Ich bräuchte ein kurzes BSP. für Stored Procedures mittels Java aufzufuren, um in einer Oracle Datenbank etwas auslesen bzw. schreiben!
(Dazu auch die Verbindungsherstellung)

Danke!
Lg, Klaus


----------



## KSG9|sebastian (15. Sep 2005)

ähm..

ist doch nur ein executeQuery-Aufruf, oder irre ich mich ? Müsst doch alles in der Oracle-Docu stehen

30sec google:

http://www.orafaq.com/faqjdbc.htm

und nochmal 30sec:

http://www.oracle.com/technology/sample_code/tech/java/jsp/oracle9ijsp.html


----------



## P3AC3MAK3R (15. Sep 2005)

Sollte ebenfalls weiterhelfen:

http://javaalmanac.com/egs/java.sql/ConnectOracle.html
http://javaalmanac.com/egs/java.sql/CallProcedure.html


----------



## klaus1 (15. Sep 2005)

Es geht allerdings darum, eine Methode in der Oracle Datenbank zu starten! nicht aber über SQL Statements eine Methode in Java zu starten!


----------



## Bleiglanz (15. Sep 2005)

klaus1 hat gesagt.:
			
		

> Es geht allerdings darum, eine Methode in der Oracle Datenbank zu starten! nicht aber über SQL Statements eine Methode in Java zu starten!
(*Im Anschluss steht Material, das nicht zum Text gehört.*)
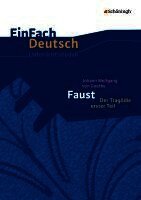 Johann Wolfgang von Goethe, Claudia Müller-Völkl, Michael Völkl - Johann Wolfgang von Goethe: Faust 1. EinFach Deutsch Unterrichtsmodelle, Häftad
Was ist eine "Methode in der Oracle DB"? Wenn du eine StoredProc meinst, dann wird die natürlich über SQL gestartet...


----------



## klaus1 (15. Sep 2005)

Möchte eine Oracle Procedure mittels Java starten.


----------



## Bleiglanz (15. Sep 2005)

klaus1 hat gesagt.:
			
		

> Möchte eine Oracle Procedure mittels Java starten.



und was passt dir nicht an dem obigen link

http://javaalmanac.com/egs/java.sql/CallProcedure.html


----------



## KSG9|sebastian (16. Sep 2005)

wie ich schon sagte:

Bei MySql ruft man es über nen normalen Sql String auf

"select test_user() from mysql_sp"

sowas in der art, und in oracle geht es doch ähnlich..oder ?


----------



## Bleiglanz (16. Sep 2005)

ja, aber ...

i.A. ist die call-Syntax dafür besser geeignet (IN und OUT Parameter müssen ja evtl. gesetzt werden)


----------